Hungarian state-owned start-up MPVI Mobil, which is vying to become the country’s fourth mobile network operator, has reportedly accepted the resignation of its chairman and chief executive, Portfolio.hu reports. At a general meeting held late last week, chairman of the board Istvan Kalmar and CEO Pal Schmidt stepped down from their posts a matter of weeks ahead of the outcome of the court’s final decision on MPVI’s bid to secure the coveted concession.

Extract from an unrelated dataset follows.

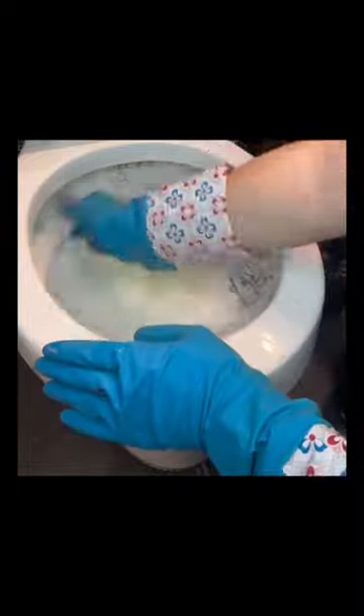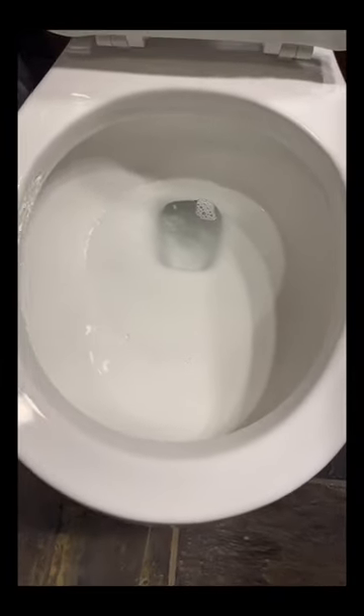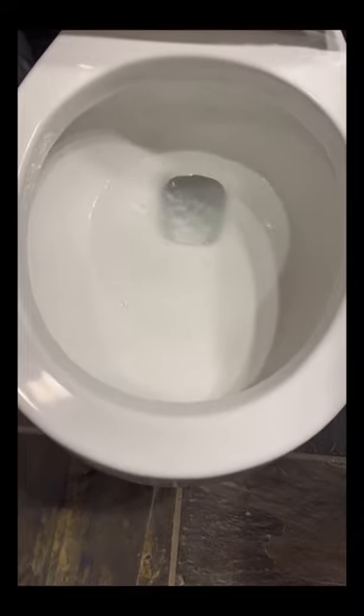Always use it wet, and then just gently buff the surface. Check out that after shot — you would never know it's the same toilet. I absolutely love my job. This was so much fun today.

MPVI Mobil, which is owned by Hungarian Development Bank subsidiary MFB Invest (45%), the electricity utility MVM (45%) and Magyar Posta (10%), is currently bogged down in the court system after its licence award was nullified in September last year. Under the ruling of the Budapest Metropolitan Court, the results of the January 2012 auction were voided, including the granting of extra frequency capacities to the three other incumbent mobile operators – T-Mobile, Vodafone and Pannon (backed by Telenor). ‘Based on existing regulations at the time of the tender, state-owned companies couldn’t have taken part as bidders in the tender,’ said ruling judge Gyorgy Mohay. ‘We have discovered serious procedural law infringements,’ he added. The ruling is binding and cannot be appealed, he added.
The court has called for the whole auction process to be repeated, and in November 2012 local press rumours suggested that the government had already given up on its plan to launch a new market entrant.